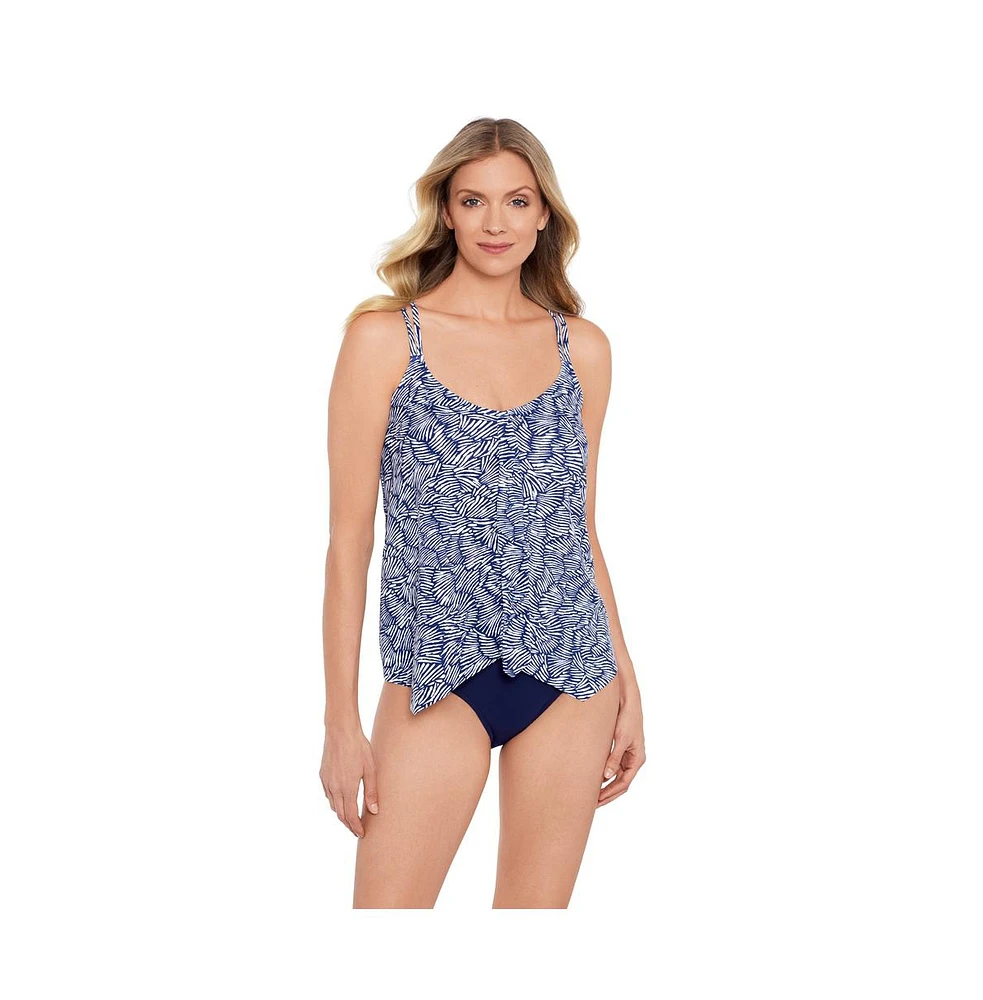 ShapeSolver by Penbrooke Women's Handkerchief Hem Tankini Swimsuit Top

++++

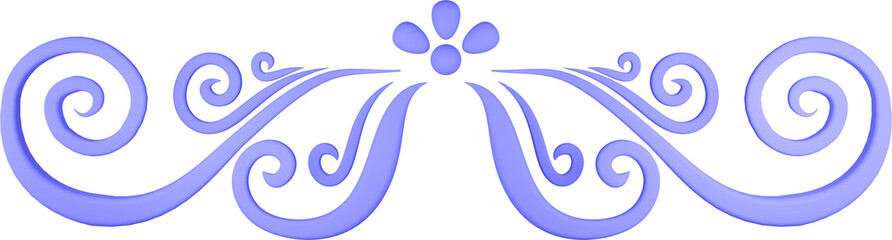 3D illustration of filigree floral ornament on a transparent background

++++

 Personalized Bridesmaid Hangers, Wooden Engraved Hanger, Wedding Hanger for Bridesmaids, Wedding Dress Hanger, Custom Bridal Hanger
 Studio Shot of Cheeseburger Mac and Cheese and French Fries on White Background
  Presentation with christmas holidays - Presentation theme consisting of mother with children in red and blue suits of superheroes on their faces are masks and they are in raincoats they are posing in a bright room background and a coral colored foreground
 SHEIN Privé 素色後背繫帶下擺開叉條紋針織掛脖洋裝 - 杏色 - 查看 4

++++

§ **About this task**: From the data above, output only the lines between the line containing "Presentation with christmas" and the line containing "SHEIN Privé 素色後背繫帶下擺開叉條紋針織掛脖洋裝 - 杏色 - 查看 4", inclusive, exactly as written.

§ **Task output**:
  Presentation with christmas holidays - Presentation theme consisting of mother with children in red and blue suits of superheroes on their faces are masks and they are in raincoats they are posing in a bright room background and a coral colored foreground
 SHEIN Privé 素色後背繫帶下擺開叉條紋針織掛脖洋裝 - 杏色 - 查看 4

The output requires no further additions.